None of this means that Apple will stop growing though, only that Android tablets will grow proportionally faster than the iPad, which is a very different thing. Many of those low cost tablets are sold at razor thin or even negative profit margins, so the comparison between Apple and its low cost competitors is not entirely fair. While other companies may be gaining market share, Apple is still the undisputed profitability leader in tablets.
Apple has accepted a lower profit margin with the iPad Mini versus previous iPad models, and the device has been selling faster than it could be manufactured during the holiday quarter.
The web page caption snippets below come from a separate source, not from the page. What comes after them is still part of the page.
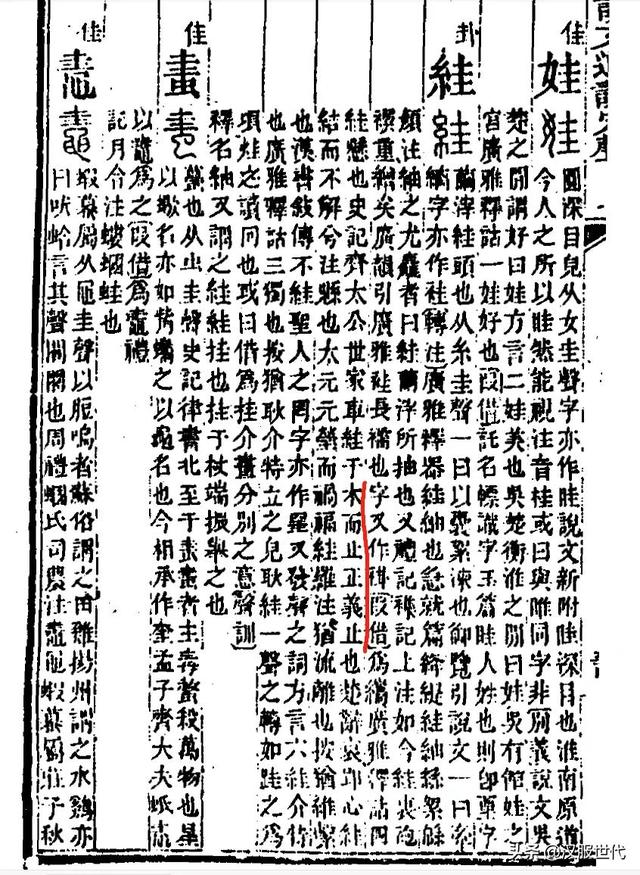 满族服饰文案励志(满族人民的服饰照片)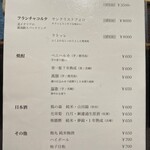 とんかつ comocchi - 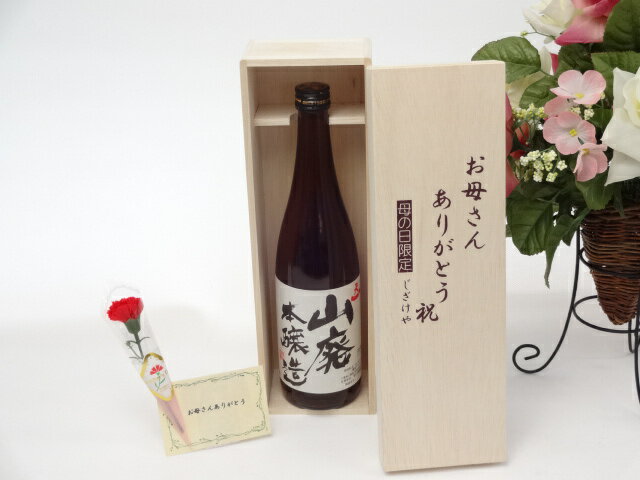 母の日 ギフトセット 日本酒セット お母さんありがとう木箱セット(早川酒造部 天一 山廃本醸造 純米酒 ..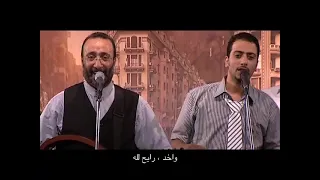 يالله   ماهر فايز وعلى الهلباوى سمعها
There is really no compelling reason for Apple to move lower on the pricing scale since demand for the iPad Mini is already booming at current prices.
Apple sells premium products for premium prices, it’s not only abut technological advantages but also design, brand loyalty, and the stickiness created by services like iTunes. In fact, higher prices create brand differentiation, and they can even be a positive marketing attribute for some clients.
In an ideal world for Apple, the company would forever be the quality leader and the cheapest alternative in the space; such was the situation in 2011 when the iPad was in its first stages and it had a market share above 90%. But that kind of scenario doesn’t last for too long in a competitive industry, and this still doesn’t mean that there is anything wrong with Apple: as long as the company remains strong in the high end of the market, it will still be able to generate solid returns for investors.
The new Slate 7 from HP still needs to prove that it can effectively compete in the low end of the market, since lower prices are no guarantee of success on a standalone basis. Even if it manages to do that, it would still mostly affect other Android tablets manufacturers like Amazon and Asus, Apple is just playing a different game.